---------- Source data
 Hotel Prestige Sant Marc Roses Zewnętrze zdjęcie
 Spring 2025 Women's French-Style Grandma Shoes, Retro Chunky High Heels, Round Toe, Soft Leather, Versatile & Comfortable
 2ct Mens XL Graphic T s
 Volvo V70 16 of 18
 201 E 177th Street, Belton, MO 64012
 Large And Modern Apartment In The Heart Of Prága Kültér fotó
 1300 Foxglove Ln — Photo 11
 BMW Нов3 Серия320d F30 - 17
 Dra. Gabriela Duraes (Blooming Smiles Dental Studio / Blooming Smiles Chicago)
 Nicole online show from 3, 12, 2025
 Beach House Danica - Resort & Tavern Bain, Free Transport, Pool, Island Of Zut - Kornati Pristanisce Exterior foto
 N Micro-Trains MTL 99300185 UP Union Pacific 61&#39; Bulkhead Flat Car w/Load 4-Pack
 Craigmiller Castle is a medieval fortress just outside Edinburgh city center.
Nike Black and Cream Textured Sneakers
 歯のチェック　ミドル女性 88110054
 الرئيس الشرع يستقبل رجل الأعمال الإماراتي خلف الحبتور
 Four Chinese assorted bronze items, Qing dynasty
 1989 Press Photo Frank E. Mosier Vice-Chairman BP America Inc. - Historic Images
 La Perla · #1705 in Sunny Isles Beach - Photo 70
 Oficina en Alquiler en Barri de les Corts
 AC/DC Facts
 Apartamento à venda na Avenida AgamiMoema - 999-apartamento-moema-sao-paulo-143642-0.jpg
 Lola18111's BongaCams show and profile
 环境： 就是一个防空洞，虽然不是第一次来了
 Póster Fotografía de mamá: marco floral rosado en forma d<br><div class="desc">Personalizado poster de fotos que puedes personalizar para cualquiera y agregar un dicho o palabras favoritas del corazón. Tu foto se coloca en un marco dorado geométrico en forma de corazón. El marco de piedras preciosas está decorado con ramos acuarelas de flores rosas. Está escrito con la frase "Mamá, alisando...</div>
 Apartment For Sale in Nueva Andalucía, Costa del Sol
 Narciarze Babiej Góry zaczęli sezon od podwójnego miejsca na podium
--------------------
» **Exercise goal**
Repeat all of the entries exactly.

» **Answer area**
 Hotel Prestige Sant Marc Roses Zewnętrze zdjęcie
 Spring 2025 Women's French-Style Grandma Shoes, Retro Chunky High Heels, Round Toe, Soft Leather, Versatile & Comfortable
 2ct Mens XL Graphic T s
 Volvo V70 16 of 18
 201 E 177th Street, Belton, MO 64012
 Large And Modern Apartment In The Heart Of Prága Kültér fotó
 1300 Foxglove Ln — Photo 11
 BMW Нов3 Серия320d F30 - 17
 Dra. Gabriela Duraes (Blooming Smiles Dental Studio / Blooming Smiles Chicago)
 Nicole online show from 3, 12, 2025
 Beach House Danica - Resort & Tavern Bain, Free Transport, Pool, Island Of Zut - Kornati Pristanisce Exterior foto
 N Micro-Trains MTL 99300185 UP Union Pacific 61&#39; Bulkhead Flat Car w/Load 4-Pack
 Craigmiller Castle is a medieval fortress just outside Edinburgh city center.
Nike Black and Cream Textured Sneakers
 歯のチェック　ミドル女性 88110054
 الرئيس الشرع يستقبل رجل الأعمال الإماراتي خلف الحبتور
 Four Chinese assorted bronze items, Qing dynasty
 1989 Press Photo Frank E. Mosier Vice-Chairman BP America Inc. - Historic Images
 La Perla · #1705 in Sunny Isles Beach - Photo 70
 Oficina en Alquiler en Barri de les Corts
 AC/DC Facts
 Apartamento à venda na Avenida AgamiMoema - 999-apartamento-moema-sao-paulo-143642-0.jpg
 Lola18111's BongaCams show and profile
 环境： 就是一个防空洞，虽然不是第一次来了
 Póster Fotografía de mamá: marco floral rosado en forma d<br><div class="desc">Personalizado poster de fotos que puedes personalizar para cualquiera y agregar un dicho o palabras favoritas del corazón. Tu foto se coloca en un marco dorado geométrico en forma de corazón. El marco de piedras preciosas está decorado con ramos acuarelas de flores rosas. Está escrito con la frase "Mamá, alisando...</div>
 Apartment For Sale in Nueva Andalucía, Costa del Sol
 Narciarze Babiej Góry zaczęli sezon od podwójnego miejsca na podium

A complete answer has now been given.